## Exercise instructions
Which lines run from the line with "Yellow shopping bag" through the line with "Parsnip soup with herbs — Stock Photo" in the entries below? Print them exactly, both ends included, and nothing more.

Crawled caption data
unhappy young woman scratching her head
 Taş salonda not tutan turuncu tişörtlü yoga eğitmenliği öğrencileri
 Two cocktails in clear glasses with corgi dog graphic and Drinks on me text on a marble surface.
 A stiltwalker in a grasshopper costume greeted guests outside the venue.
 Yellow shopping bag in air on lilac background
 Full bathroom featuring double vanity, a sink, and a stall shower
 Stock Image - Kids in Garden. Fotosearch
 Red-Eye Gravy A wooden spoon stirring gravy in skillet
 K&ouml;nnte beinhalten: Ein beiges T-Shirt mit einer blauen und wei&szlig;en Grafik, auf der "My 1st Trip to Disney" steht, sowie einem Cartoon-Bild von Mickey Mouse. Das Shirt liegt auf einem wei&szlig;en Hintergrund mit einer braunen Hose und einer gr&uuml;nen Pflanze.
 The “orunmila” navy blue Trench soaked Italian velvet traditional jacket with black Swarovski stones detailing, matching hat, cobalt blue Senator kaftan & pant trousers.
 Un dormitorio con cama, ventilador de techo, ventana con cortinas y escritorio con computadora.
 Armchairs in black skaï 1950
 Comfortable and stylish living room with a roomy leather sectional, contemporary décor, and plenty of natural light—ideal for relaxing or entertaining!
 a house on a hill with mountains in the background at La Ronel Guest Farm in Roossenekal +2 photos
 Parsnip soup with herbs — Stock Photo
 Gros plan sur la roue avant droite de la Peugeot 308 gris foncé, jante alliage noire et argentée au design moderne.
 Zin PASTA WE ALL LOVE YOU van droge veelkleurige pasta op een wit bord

## Reply
 Yellow shopping bag in air on lilac background
 Full bathroom featuring double vanity, a sink, and a stall shower
 Stock Image - Kids in Garden. Fotosearch
 Red-Eye Gravy A wooden spoon stirring gravy in skillet
 K&ouml;nnte beinhalten: Ein beiges T-Shirt mit einer blauen und wei&szlig;en Grafik, auf der "My 1st Trip to Disney" steht, sowie einem Cartoon-Bild von Mickey Mouse. Das Shirt liegt auf einem wei&szlig;en Hintergrund mit einer braunen Hose und einer gr&uuml;nen Pflanze.
 The “orunmila” navy blue Trench soaked Italian velvet traditional jacket with black Swarovski stones detailing, matching hat, cobalt blue Senator kaftan & pant trousers.
 Un dormitorio con cama, ventilador de techo, ventana con cortinas y escritorio con computadora.
 Armchairs in black skaï 1950
 Comfortable and stylish living room with a roomy leather sectional, contemporary décor, and plenty of natural light—ideal for relaxing or entertaining!
 a house on a hill with mountains in the background at La Ronel Guest Farm in Roossenekal +2 photos
 Parsnip soup with herbs — Stock Photo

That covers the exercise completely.